Install the datasets library first:
  pip install datasets

Then load the dataset:
  from datasets import load_dataset
  ds = load_dataset("SaLTUNIMAS/iban-speech")

Access a single sample:
  sample = ds['train'][0]
  print(sample['transcription'])   # the transcript
  print(sample['duration'])        # audio duration in seconds
  print(sample['speaker_id'])      # speaker identifier
  print(sample['gender'])          # male or female
  print(sample['source'])          # SM1 or SM2

Play audio in Jupyter or Google Colab:
  import IPython.display as ipd
  ipd.Audio(sample['audio']['array'],
            rate=sample['audio']['sampling_rate'])

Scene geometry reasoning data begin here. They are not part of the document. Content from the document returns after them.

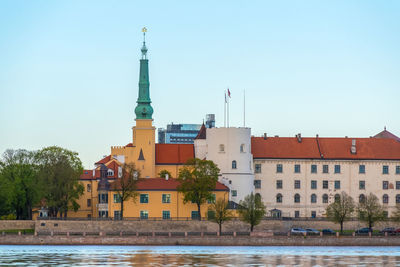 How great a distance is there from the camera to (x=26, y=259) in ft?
337

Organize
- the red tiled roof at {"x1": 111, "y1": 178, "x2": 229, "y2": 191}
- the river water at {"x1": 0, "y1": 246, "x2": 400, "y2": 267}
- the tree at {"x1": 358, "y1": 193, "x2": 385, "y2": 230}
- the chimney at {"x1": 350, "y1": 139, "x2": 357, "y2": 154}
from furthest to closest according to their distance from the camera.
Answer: the chimney at {"x1": 350, "y1": 139, "x2": 357, "y2": 154} → the red tiled roof at {"x1": 111, "y1": 178, "x2": 229, "y2": 191} → the tree at {"x1": 358, "y1": 193, "x2": 385, "y2": 230} → the river water at {"x1": 0, "y1": 246, "x2": 400, "y2": 267}

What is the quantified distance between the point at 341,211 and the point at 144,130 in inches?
1344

Load only one specific split
  train_ds = load_dataset("SaLTUNIMAS/iban-speech", split="train")
  test_ds  = load_dataset("SaLTUNIMAS/iban-speech", split="test")

Load both split
  from datasets import concatenate_datasets
  all_data = concatenate_datasets([ds['train'], ds['test']])
  print(f"Total: {len(all_data)} utterances")

Filter by gender:
  female = ds['train'].filter(lambda x: x['gender'] == 'female')
  male   = ds['train'].filter(lambda x: x['gender'] == 'male')

Filter by source corpus:
  sm1 = ds['train'].filter(lambda x: x['source'] == 'SM1_original_corpus')
  sm2 = ds['train'].filter(lambda x: x['source'] == 'SM2_new_recording')

OPTION 2 - Save to disk (download once, use offline)

 from datasets import load_dataset, load_from_disk
 
 # Download and save
 ds = load_dataset("SaLTUNIMAS/iban-speech")
 ds.save_to_disk("iban-dataset")
 
 # Next time load from disk (no internet needed)
 ds = load_from_disk("iban_dataset")

OPTION 3 - Download all files via Python

  from huggingface_hub import snapshot_download
  
  snapshot_download(
      repo_id="SaLTUNIMAS/iban speech",
      repo_type="dataset",
      local_dir="./iban_dataset"
  )

OPTION 4 - Manual download

  Go to the Files and versions tab on this page and download
  the parquet files directly. Audio is embedded inside the
  parquet files so no separate download is needed.

ACKNOWLEDGEMENT

We would like to thank the Ministry of Higher Education Malaysia for providing financial support to conduct this study. We also thank The Borneo Post news agency for providing online materials for building the text corpus and also to Radio Televisyen Malaysia (RTM), Sarawak, Malaysia, for providing the news data.